第3章 覇道の一里塚 上篇
定例会話(お世辞)。鷹司卿は相手をおだてるのが好きである。褒める方が、貶すより楽なのは確かだが、しかし、「益荒男」とは。英雄としての格には父に至らぬ、どちらかと言えば、冷徹な政治家としての一面がある清継には、ややズレた評価だ。傍らで黙って見ていた落合はそれを笑顔で受け流している清継を見てそう思った。
「総督がお待ちかねですわ、泰邦さま」
「そうですか、そうですか。では、参りましょう」
清継は既に立ち上がっていたが、鷹司智子は思い出したように、手を叩いた。
「そうそう、それと、上野殿」
「はっ」
智子は幾分親しそうに上野に話した。上野は無表情のままだが、特に気にする様子もない。
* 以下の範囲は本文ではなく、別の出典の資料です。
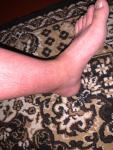 Красные пятна на икрах ног без чесания фото 3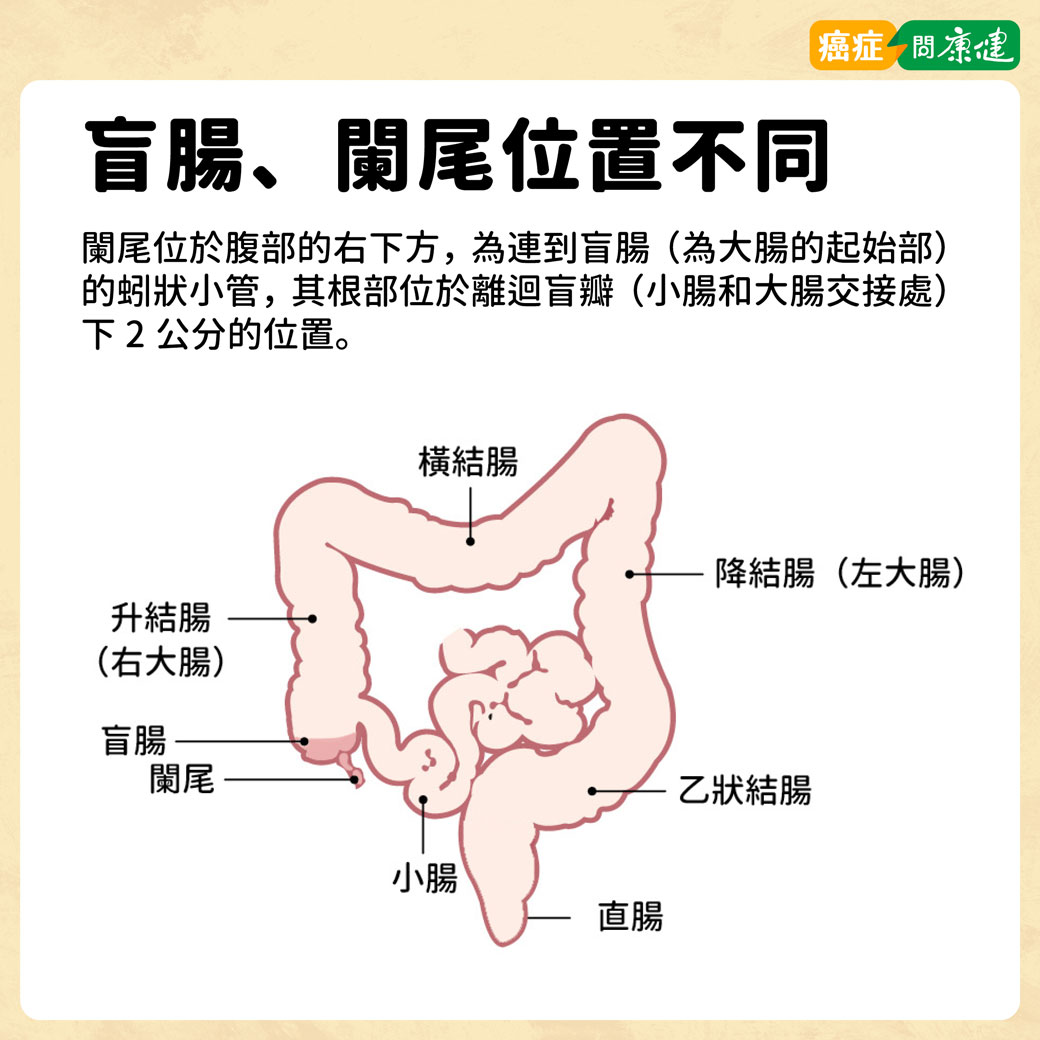 盲腸、闌尾位置不同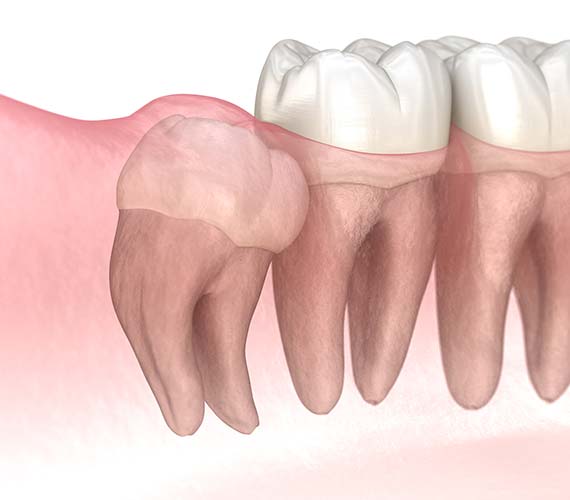 口腔外科（親知らず）
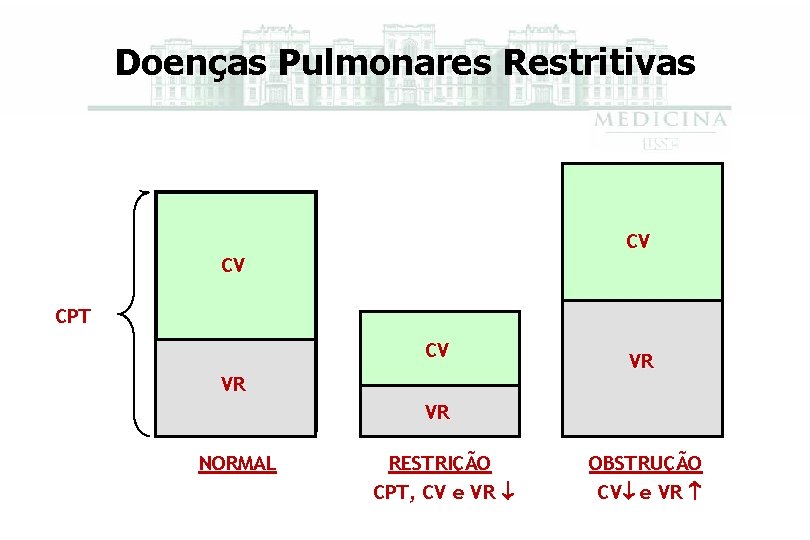 Doenças Pulmonares Restritivas CV CV CPT CV VR VR VR NORMAL RESTRIÇÃO CPT, CV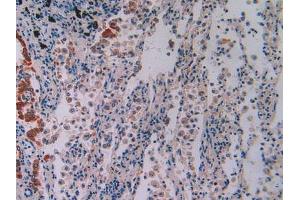 IHC-P analysis of Human Lung Cancer Tissue, with DAB staining. (IFI16 Antikörper  (AA 465-671))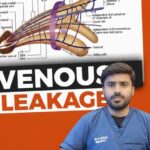 venous-leak-treatment.jpg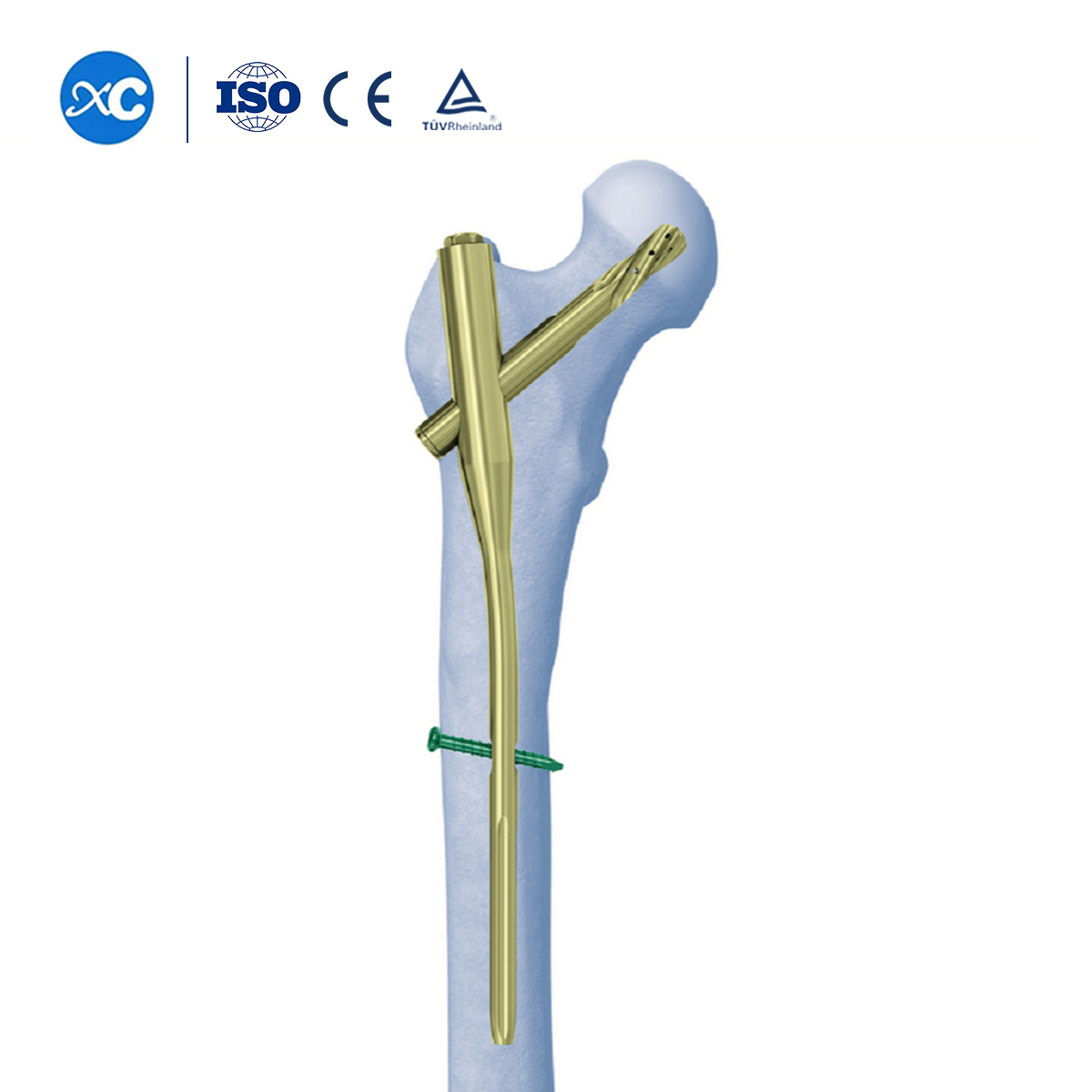 Blade Screw for PFNA(Gama) Intramedullary Nail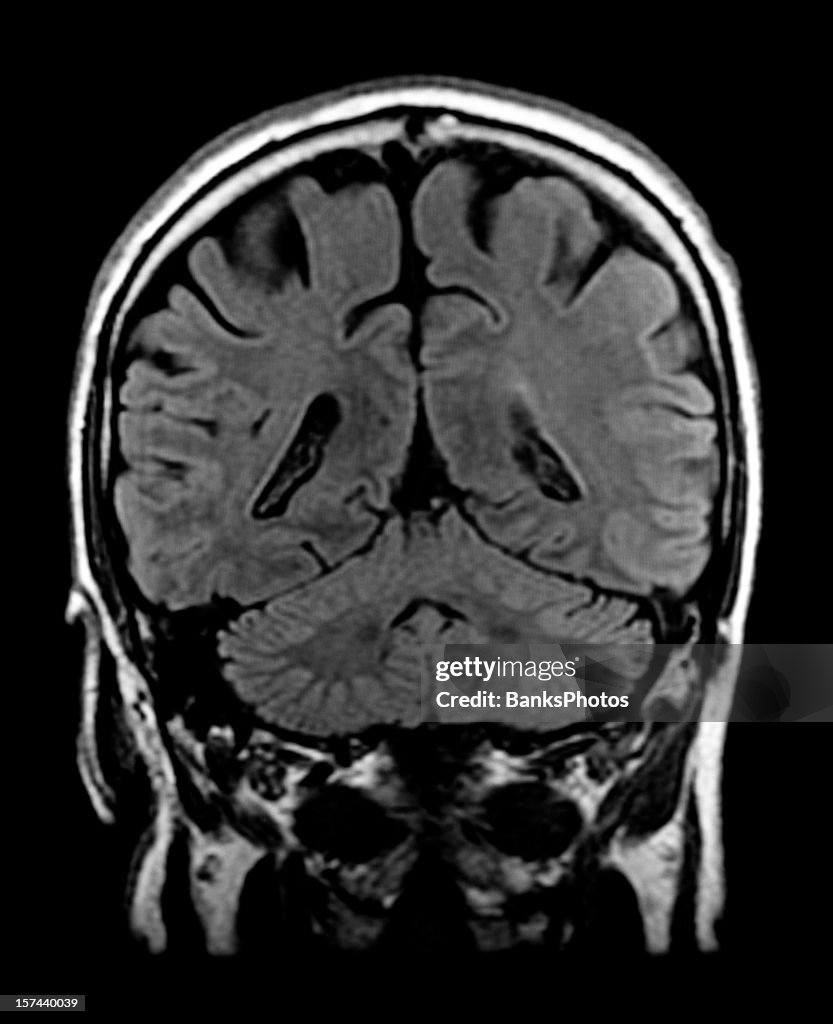 Head MRI Scan of Brain with Visible Cerebellum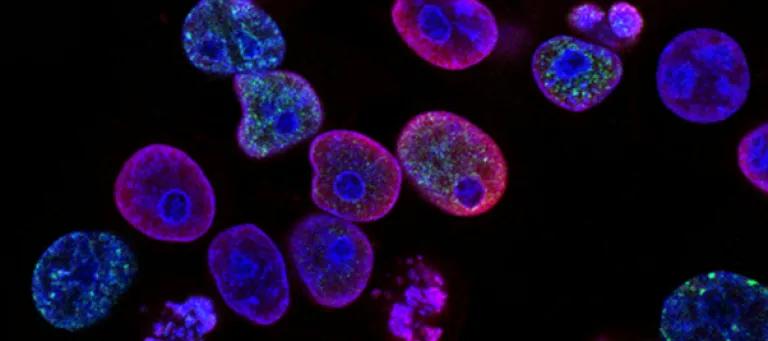cells being imaged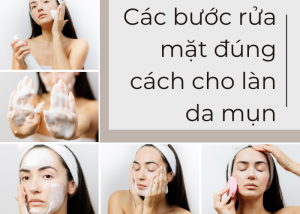 Các bước rửa mặt đúng cách cho làn da mụn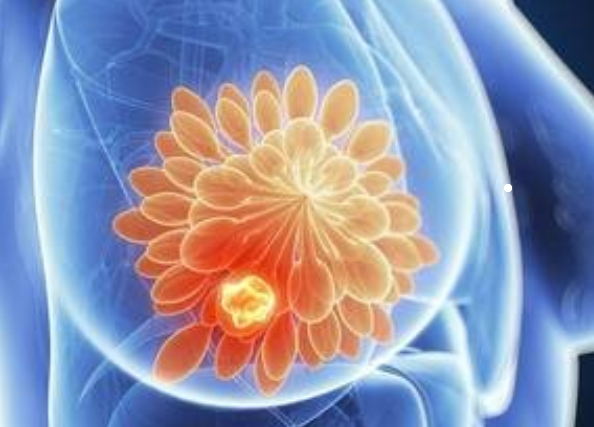 乳腺癌并非无药可救，早期筛查自检仍有治愈机会！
「連絡が来ておりましたわ。『お掛け直し下さい』との事でしたが、何分時勢で御座います故、お待ち頂いております」
「有難う御座います、鷹司様」
「御相手はどなた様でしょう?」
割り込むように、彰が智子に声を掛ける。智子は少し砕けた様子で、
「浪岡兵部大丞(ひょうぶたいじょう)…アキノリさま?そう、浪岡顕法さまと申されていましたわよ。敷島の方って名前が古風でまだ戸惑ってしまうわね」
と答えた。彰は特に驚く様子を見せなかった。
「左様で御座いますか。浪岡様ですか」
「御同輩の方のようですね。御仲間が無事でよう御座いましたわ。ふふふ」
クスっと笑う智子に会釈をして、上野は改めて清継に向き直り、始めの時のように踵を合わせ、不動の構えになった。
「それでは、これにて失礼致します、閣下」
「こちらこそ、お会い出来て良かったよ。また、会おう」
清継は手を差し出した。上野はそれを一瞥し、
「…是非、再び御尊顔を拝したく存じます」
手を差し出して清継の手を握った。